In education, the self-fulfilling prophecy illuminates the ways that teacher expectations influence students’ behavior and academic outcomes. This is also known as the Pygmalion effect after the publication in 1968 of “Pygmalion in the Classroom” by Richard Rosenthal and Lenore Jacobson. In their study, Rosenthal and Jacobson created different teacher expectations and showed that students who were falsely identified as ”spurters” – those who were expected to show an academic spurt” (Rosenthal & Jacobson 1968: 66) – made significantly greater gains in IQ scores than did those who were not identified. Thus, Pygmalion established a positive relationship between teacher expectations and students’ intelligence, confirming the existence of the educational self-fulfilling prophecy.
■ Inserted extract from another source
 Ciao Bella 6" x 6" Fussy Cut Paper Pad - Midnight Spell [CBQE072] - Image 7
Ray Rist’s ethnographic study in 1970 was the earliest sociological study of the educational self-fulfilling prophecy. A striking finding in Rist’s study was that the teacher formed expectations during the first days of kindergarten. The teacher then assigned her students to groups based on student’s socioeconomic (SES) backgrounds, not on their academic ability, and treated each group differently. She gave more freedom and encouragements to students in the highest SES group, but more criticisms and restrictions to students in the lowest SES group. Students in the highest SES group could get physically closer to the teacher, and eventually they received more instruction and showed better performance than did students in the lowest SES group.
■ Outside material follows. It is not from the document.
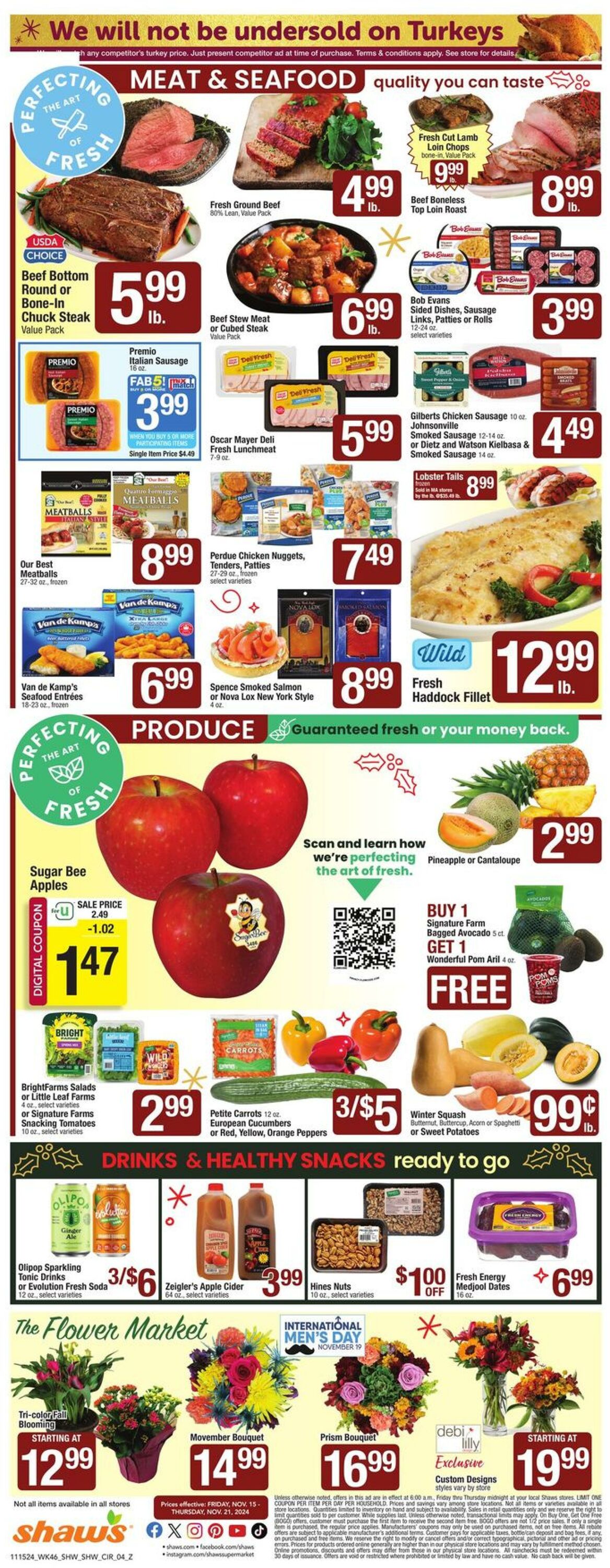 Weekly ad Shaws 11/15/2024 - 11/21/2024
Both Pygmalion and Rist’s study sparked controversies as researchers searched for evidence to support or refute the prophecy. By the 1980s there were about 400 experiments and meta-analyses. However, many studies failed to replicate earlier findings, and this led other researchers to investigate why these studies did not observe the teacher expectancy effects. Later studies, for example, revealed that the timing of “expectancy induction” was critical for the formation of teacher expectations in experimental studies (Raudenbush 1984).
Since the 1970s, our knowledge about the self-fulfilling prophecy has greatly increased both in the US and abroad. Studies conducted in England, New Zealand, Australia, and South Korea, among others, support the notion of the educational self-fulfilling prophecy (Tauber 1997: Self-Fulfilling Prophecy: A Practical Guide to Its Use in Education). More recently, the concept of the self-fulfilling prophecy was also applied to the settings beyond the classroom. These include work organization, judicial settings, substance uses, delinquencies, and health care.
Bibliography:
- Raudenbush, S. (1984) Magnitude of teacher expectancy effects on pupil IQ as a function of the credibility of expectancy induction: a synthesis of findings from 18 experiments. Journal of Educational Psychology 76: 85-97.
- Rist, R. (1970) Student social class and teacher expectations: the self-fulfilling prophecy in ghetto education. Harvard Educational Review 40, 411—51.
- Rosenthal, R. & Jacobson, L. (1968) Pygmalion in the Classroom. Holt, Rinehart, & Winston, New York.
- Wineberg, S. S. (1987) The self-fulfillment of the self-fulfilling prophecy. Educational Researcher 16, 28-44.